■ **THE RECORDS**:
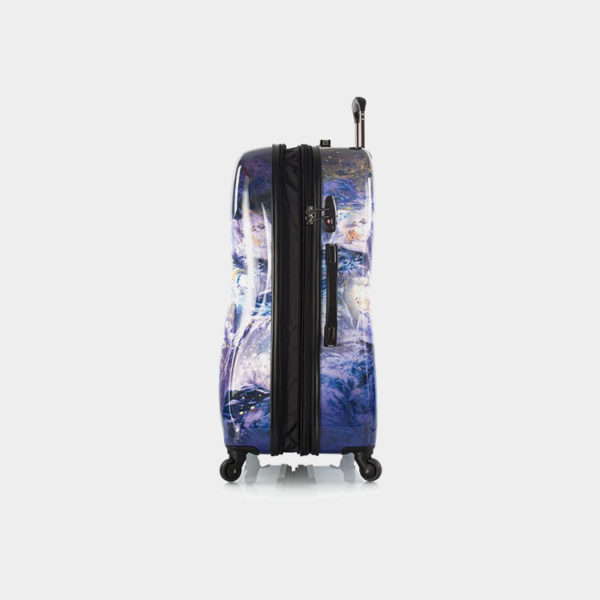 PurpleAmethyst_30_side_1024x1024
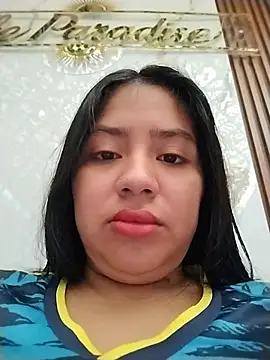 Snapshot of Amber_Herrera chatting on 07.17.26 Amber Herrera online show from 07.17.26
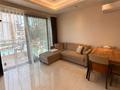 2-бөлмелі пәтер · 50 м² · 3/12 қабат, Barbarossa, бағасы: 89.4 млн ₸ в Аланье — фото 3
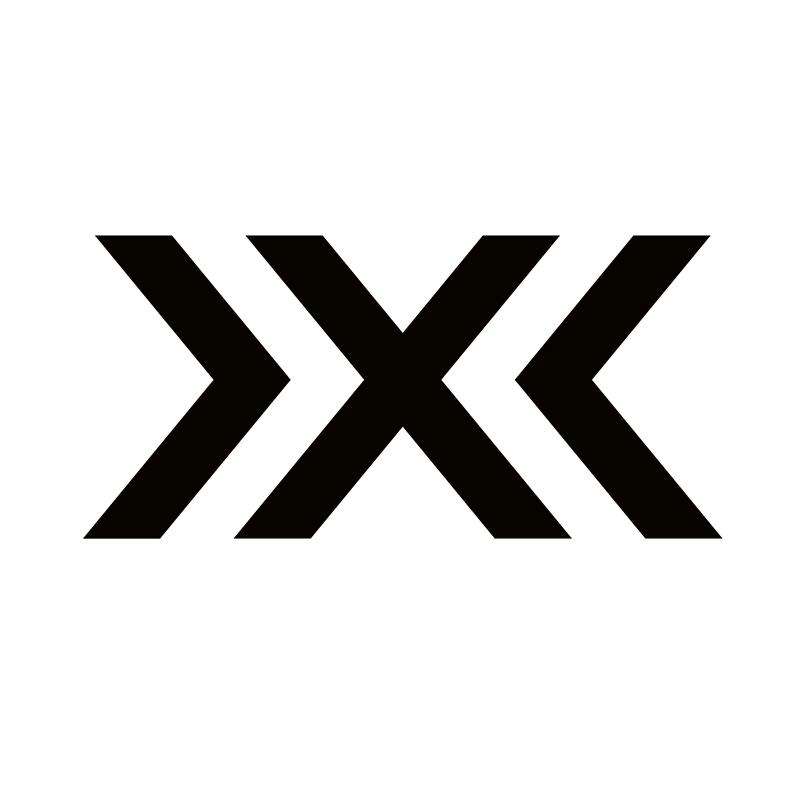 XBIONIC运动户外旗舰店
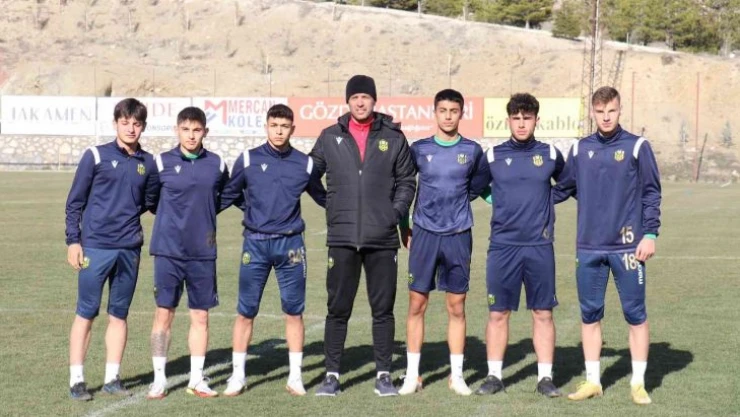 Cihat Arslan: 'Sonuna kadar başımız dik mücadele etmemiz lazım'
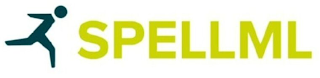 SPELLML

■ **TO DO**:
Write out exactly, with no pictures, each line from the one containing "Snapshot of Amber_Herrera" through the last line of the listing above, both included.

■ **ANSWER**:
 Snapshot of Amber_Herrera chatting on 07.17.26 Amber Herrera online show from 07.17.26
 2-бөлмелі пәтер · 50 м² · 3/12 қабат, Barbarossa, бағасы: 89.4 млн ₸ в Аланье — фото 3
 XBIONIC运动户外旗舰店
 Cihat Arslan: 'Sonuna kadar başımız dik mücadele etmemiz lazım'
 SPELLML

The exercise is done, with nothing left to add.